Some historians feel the reduction of Indian hostilities in the region had triggered fears of economic crisis in Tucson, since the Federal government was reducing funds for pacifying and controlling hostile tribes, mostly Apaches. Merchants who survived on the "blankets for peace" economy, were afraid their source of income would soon be lost. In early 1871, to bolster public support for increased hostilities and increased federal funding of "gifts" to the Apaches, several Arizonans allegedly staged mock raids on isolated settlements. One of these settlements was in Aravaipa Canyon.

American Indian affairs in early 1870s Arizona lurched back and forth between peace and war. Each new round of hostilities brought increasing conflict between the settlers and the soldiers. The report of the Indian Peace Commission, in 1867, led to the creation of the Board of Indian Commissioners two years later. Investigating abuses within the Office of Indian Affairs, the commissioners spearheaded a growing movement for native American rights that culminated in the Quaker Policy of President Ulysses S. Grant's administration.

A major problem faced by Arizona's military was they had too few soldiers for too vast an area of land.
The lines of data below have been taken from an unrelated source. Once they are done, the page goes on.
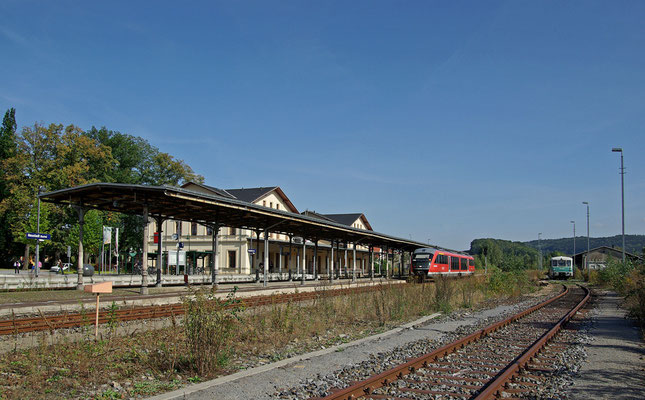 Der Bahnhof in Neustadt - eben eingefahren der Desiro von Bad Schandau, rechts ein Gast aus Löbau ( Sonderfahrt mit der " Ferkeltaxe " nach Bad Schandau), 18.09.09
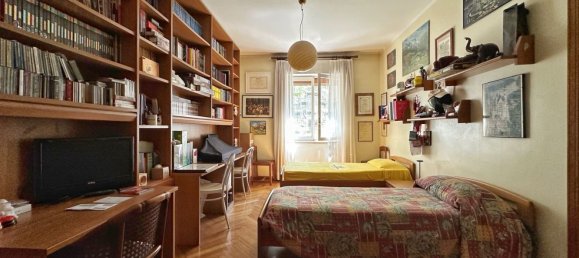 5 rooms Apartment in Milan, Italy No. 314213 12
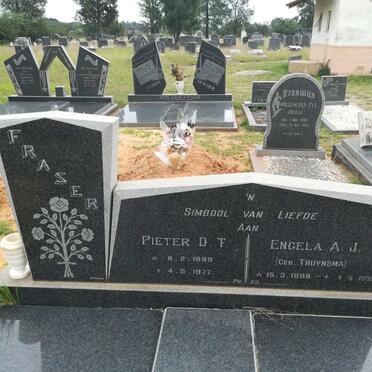 FRASER Pieter D.F. 1899-1977 &amp; Engela A.J. THUYNSMA 1898-1996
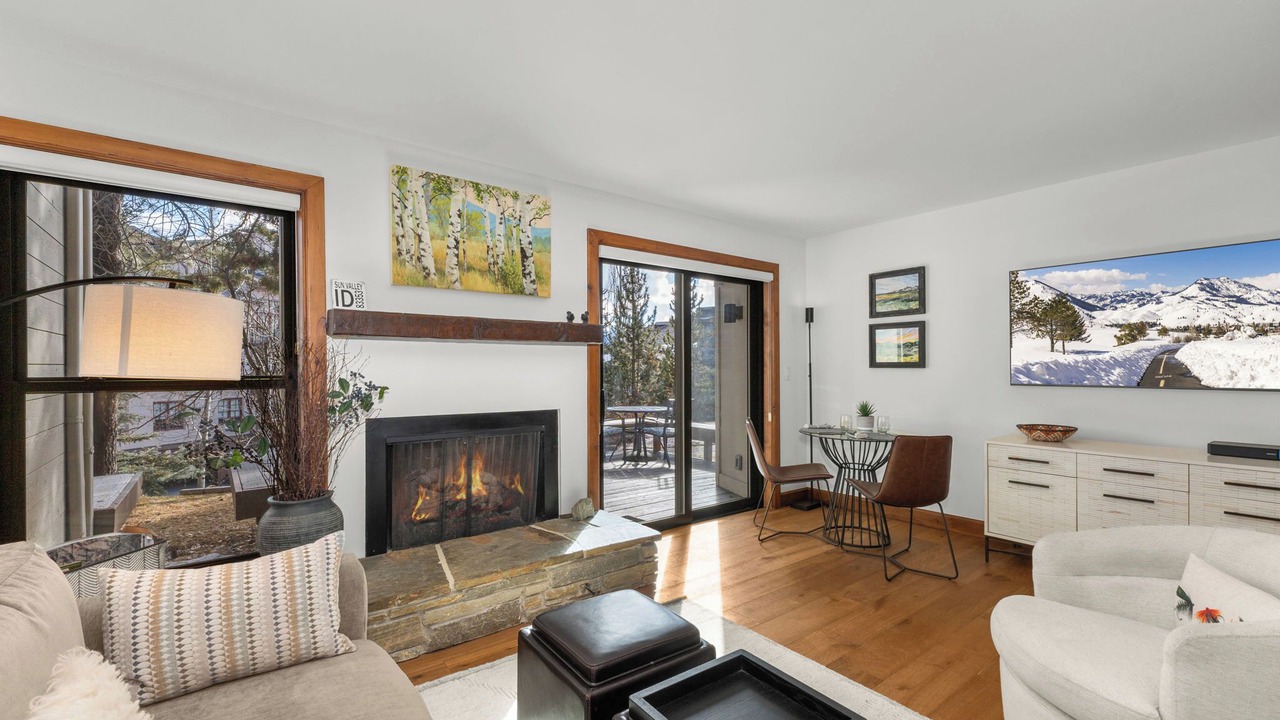 Photo of Livingroom in Elkhorn Village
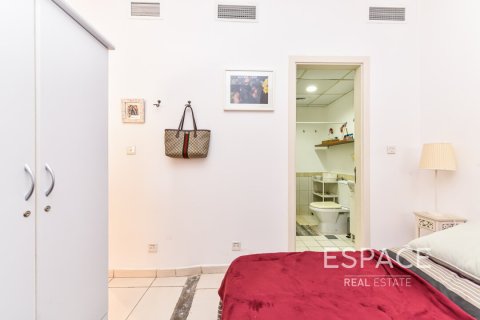Villa te koop in The Springs, Dubai, VAE 3 slaapkamers, 237 vr.m., nr 649897 - foto 13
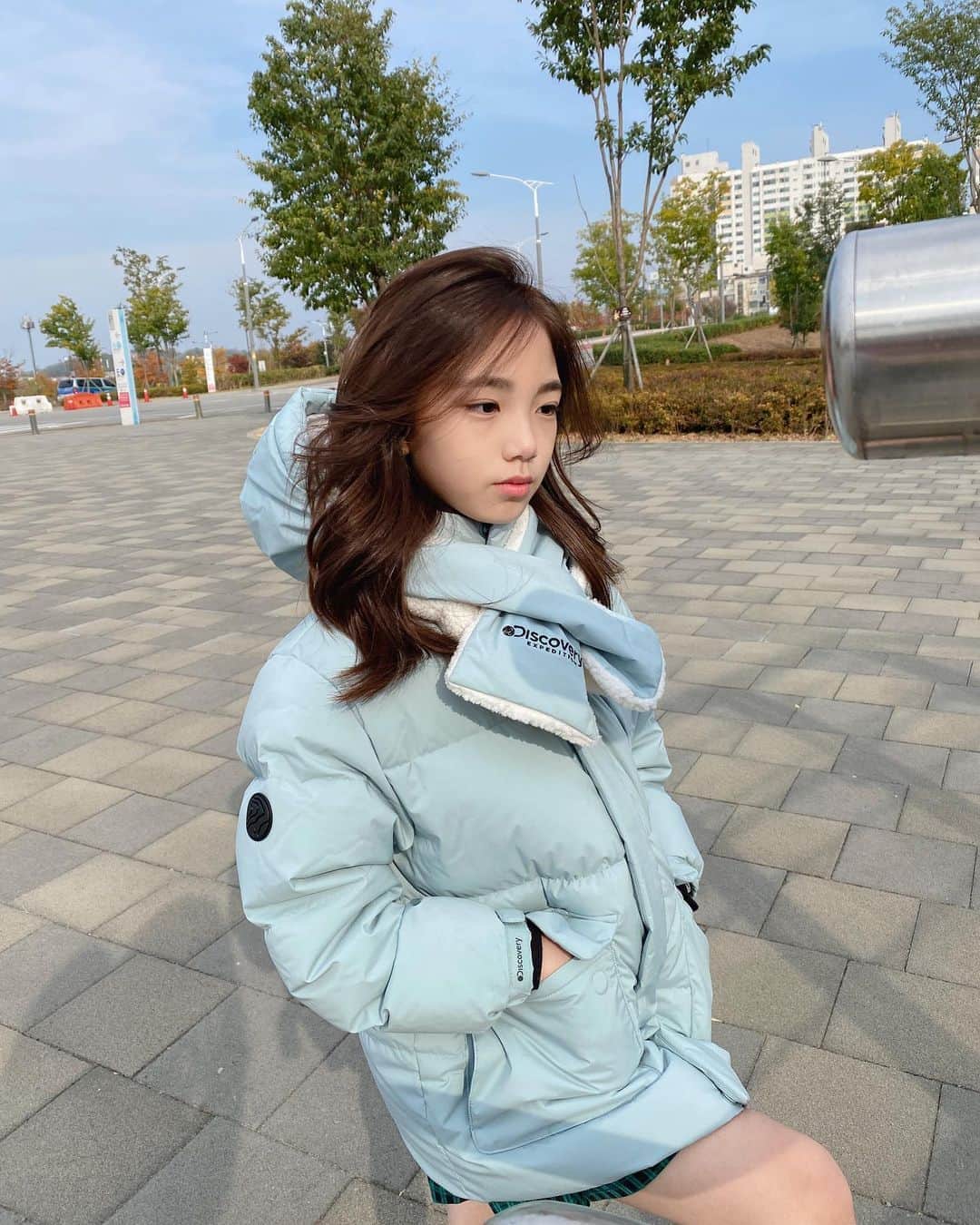 ウンチェのインスタグラム：「#광고   일교차가 넘 커서 찬바람 불 땐 , 패딩이 어색하지 않음 🙃🙂  감기 조심하세요😷 감기 걸려도 괜히 의심 받을 시국이니까 더더.... - - - - - #디스커버리 #디스커버리익스페디션  #리틀디스커버러 #디스커버리키즈 #디스커버리키즈숏패딩 #키즈구스다운  #키즈패딩 #키즈숏패딩 #월요일 #ootd #주니어모델 #아역배우 #이은채 #Eunchae」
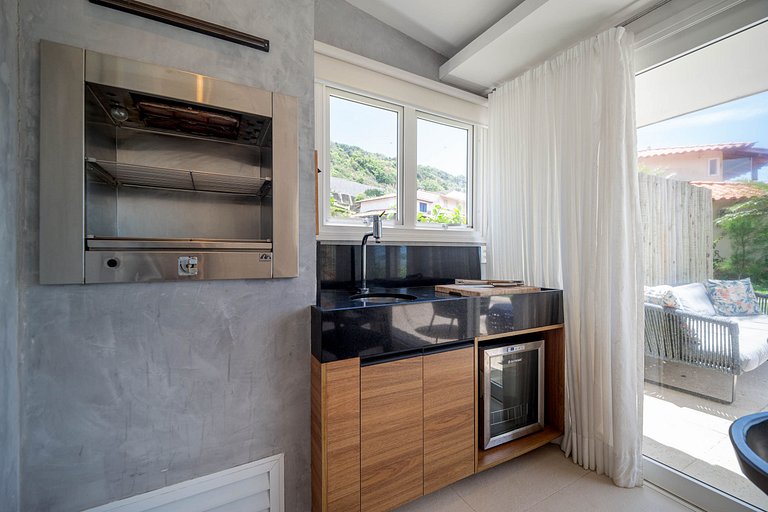 Bz77 Beachfront house with 4 suites!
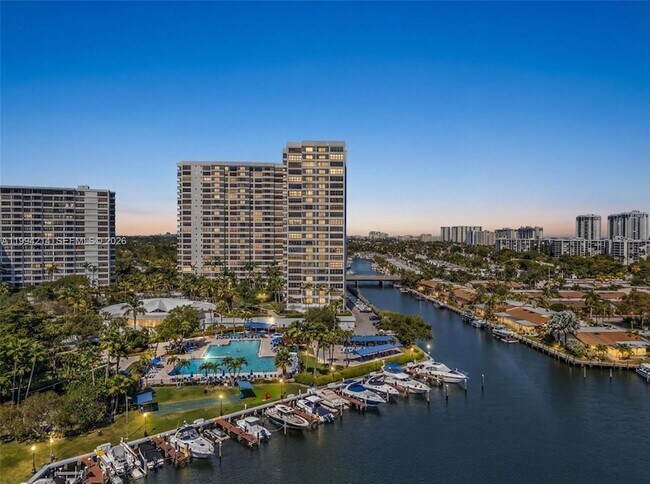 Building Photo - 2500 Parkview Dr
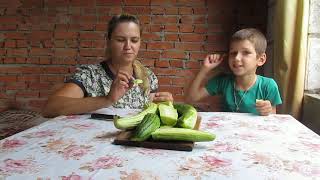 Огород , дегустация армянского огурца . как цветёт пепино .
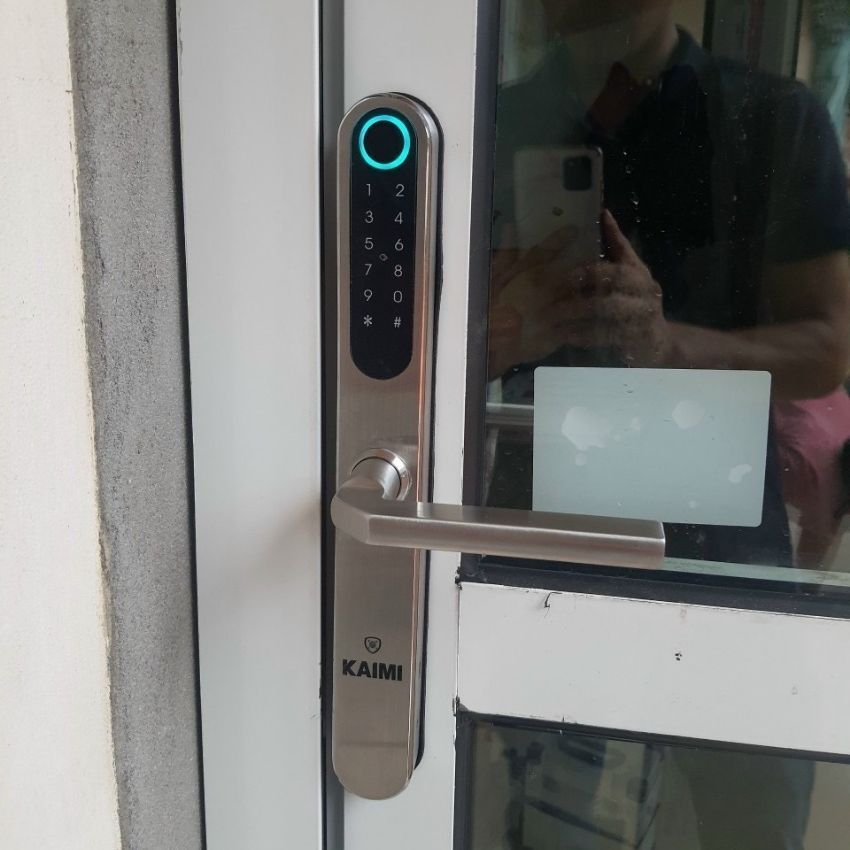 Khóa vân tay cửa nhôm Kaimi CN104 nút vân tay phát sáng Khóa vân tay cửa nhôm Kaimi CN104 vân tay phát sáng lắp trên cửa nhôm màu bạc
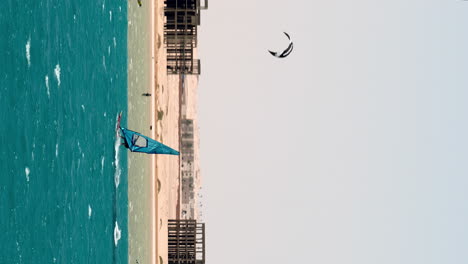 Vertikale-Ansicht-Eines-Touristischen-Windsurfens-In-Der-Seelandschaft-Von-Hurghada-In-ägypten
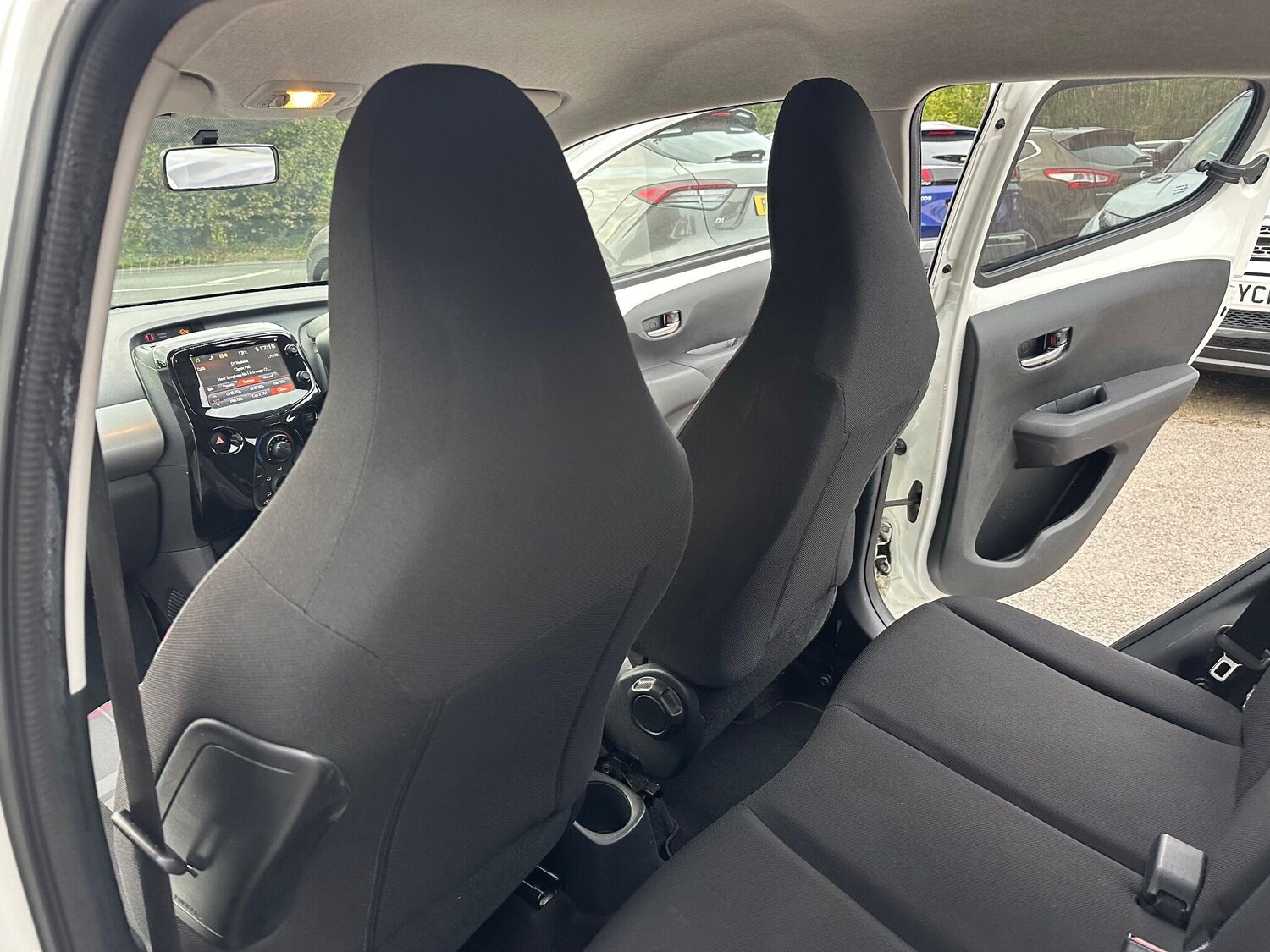 Used Peugeot 108 2015 for sale - 76307851: Photo 21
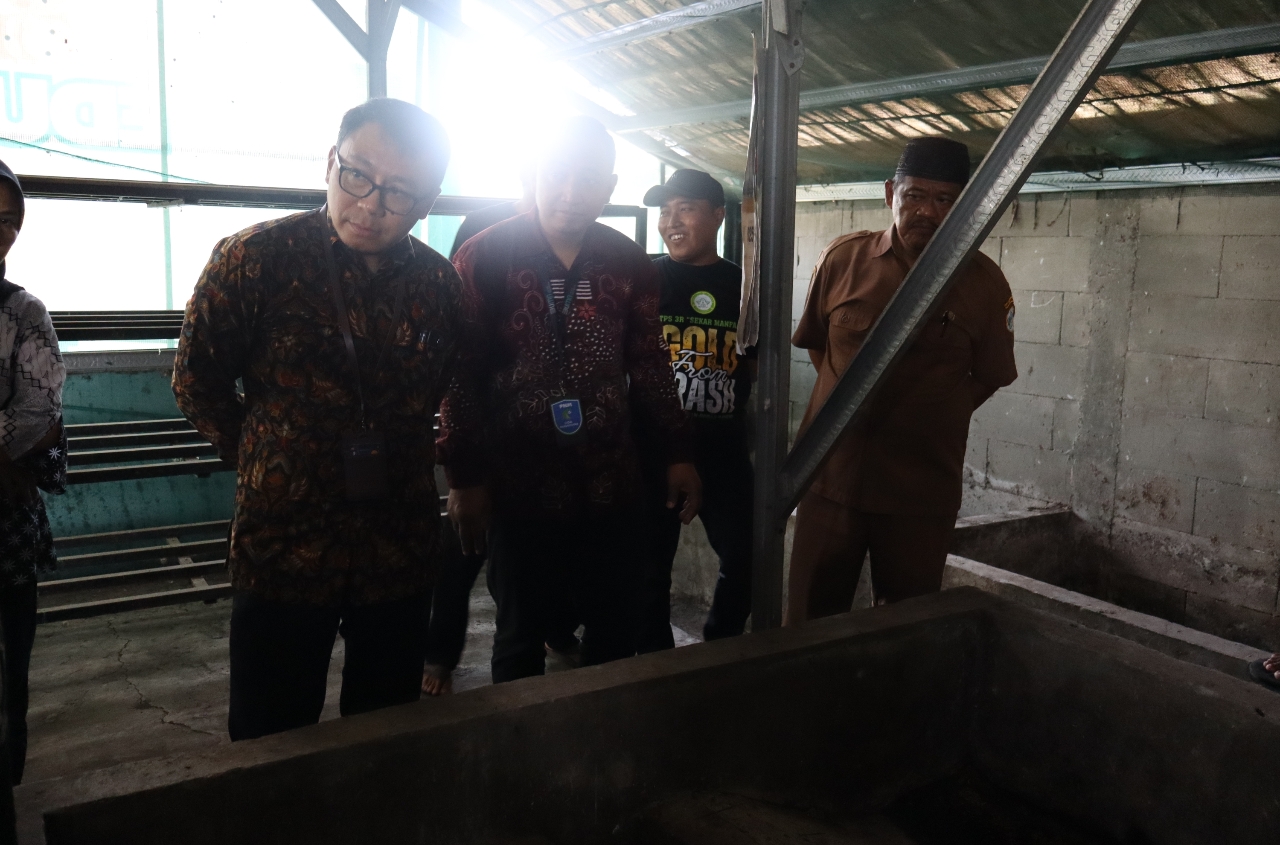 Pemimpin PNM Cabang Lamongan, Anang Fatkur Rochman meninjau langsung lokasi budidaya maggot di TPS Desa Sekaran.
Most chronicles of the time regarded Apaches as the biggest menace, but Yuman-speaking Yavapais, who were often identified as Apache Mohaves or Apache Yumas, killed and mutilated settlers just as often. Divided into four subtribes, the Tolkapaya, or Western Yavapais, the Yavepe and the Wipukpaya or Northeastern Yavapais and the Kewevkapaya or Southeastern Yavapais, the Yavapais ranged from the Colorado River to the Tonto Basin. Like the Apaches, they were mobile and extremely independent, their only political authorities being war chiefs and advisory chiefs selected by local groups. This made it extremely difficult for the United States Army to run down or negotiate with more than one Yavapai group at a time. Troops had to pursue the Yavapais across rough desert terrain. Many of the soldiers deserted, fleeing places like Camp Grant, a sun-scorched collection of adobe buildings.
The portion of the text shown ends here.